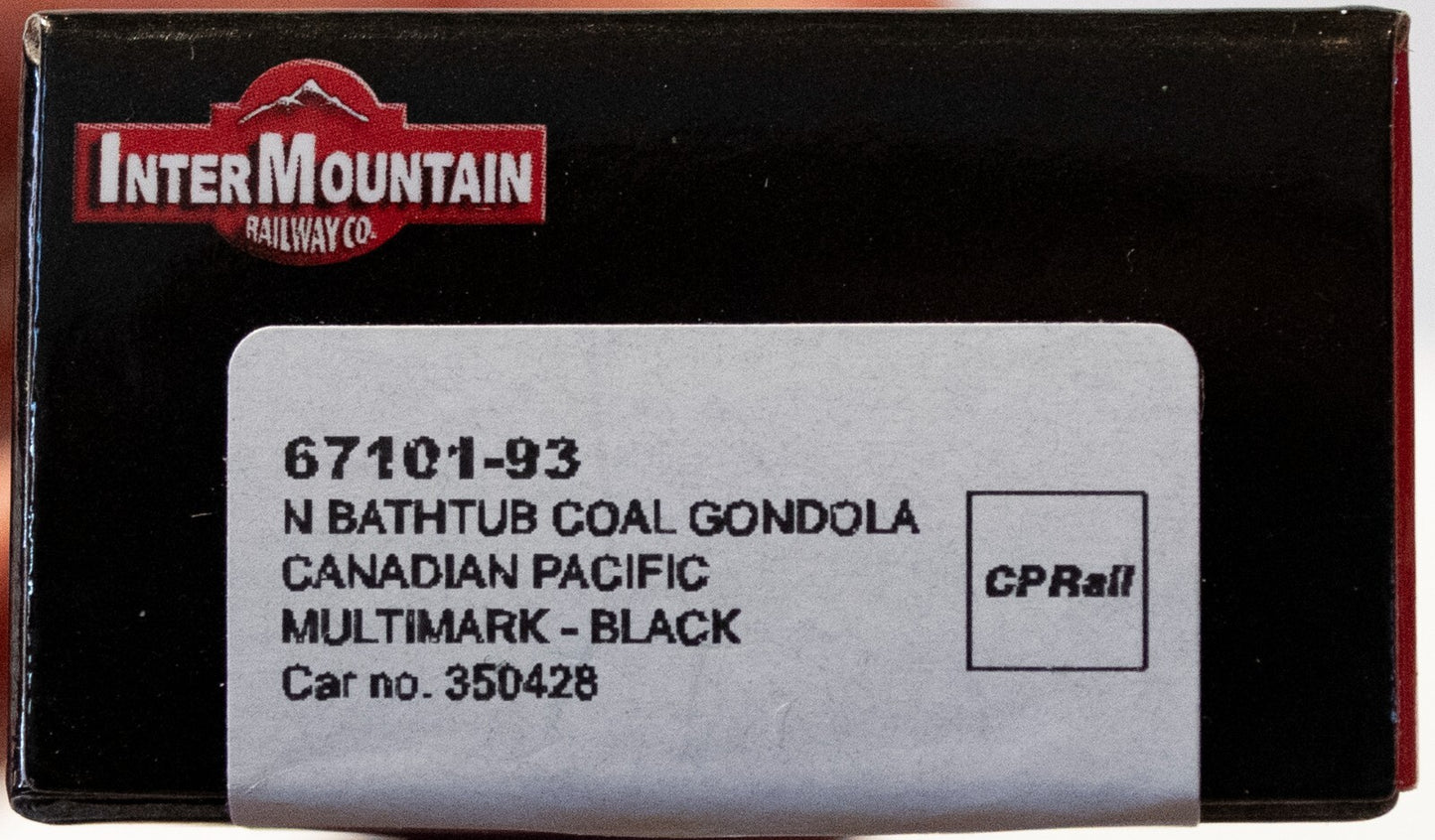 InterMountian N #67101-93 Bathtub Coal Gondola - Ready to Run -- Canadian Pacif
...
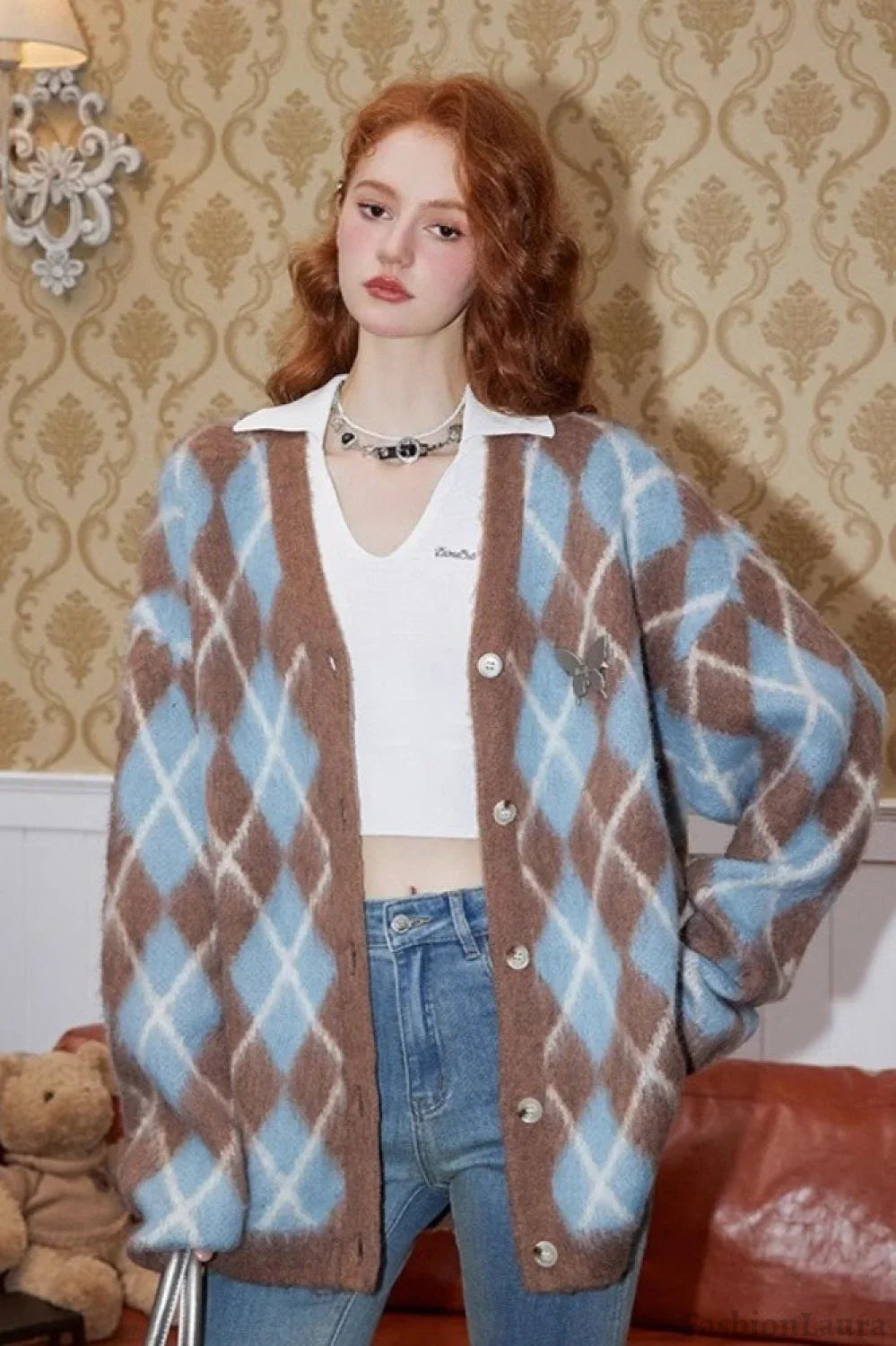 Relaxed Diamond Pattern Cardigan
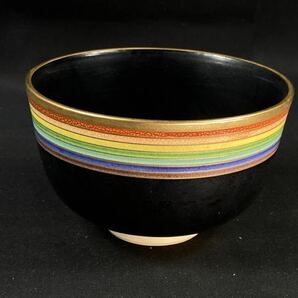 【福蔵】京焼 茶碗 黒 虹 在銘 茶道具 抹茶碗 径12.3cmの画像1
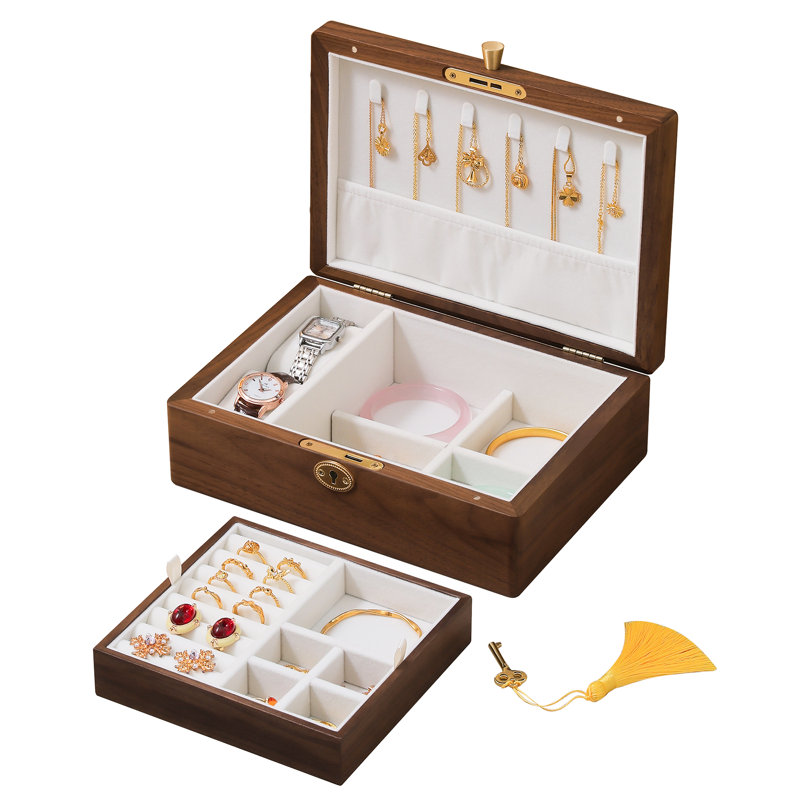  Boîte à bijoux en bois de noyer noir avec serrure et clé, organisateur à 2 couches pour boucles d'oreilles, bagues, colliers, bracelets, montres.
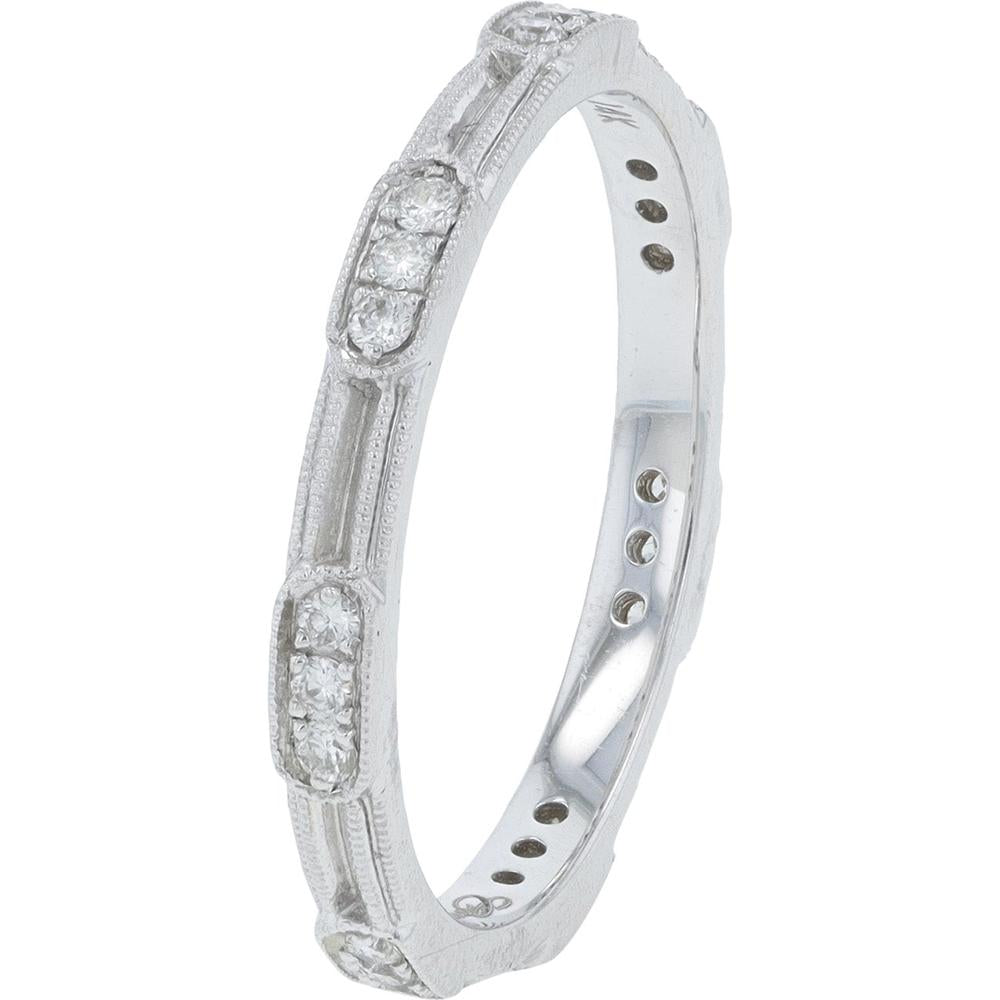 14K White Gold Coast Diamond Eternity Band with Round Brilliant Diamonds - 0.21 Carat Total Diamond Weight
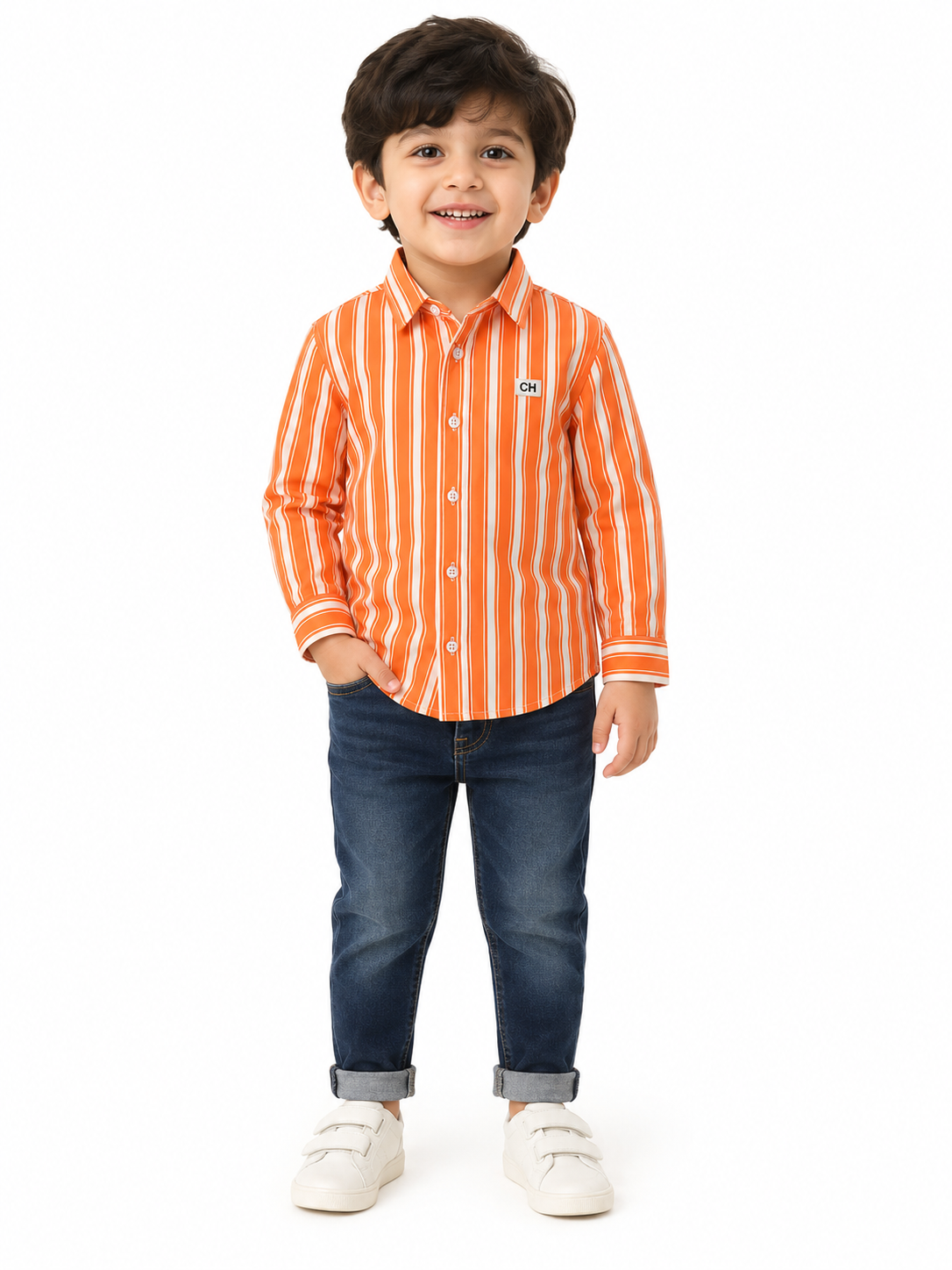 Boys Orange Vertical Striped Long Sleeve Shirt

> **Directions for this task**
No picture is to be printed. Output exactly the lines above from the line containing "14K White Gold" through the line containing "Boys Orange Vertical".

> **Answer to the exercise**
 14K White Gold Coast Diamond Eternity Band with Round Brilliant Diamonds - 0.21 Carat Total Diamond Weight
 Boys Orange Vertical Striped Long Sleeve Shirt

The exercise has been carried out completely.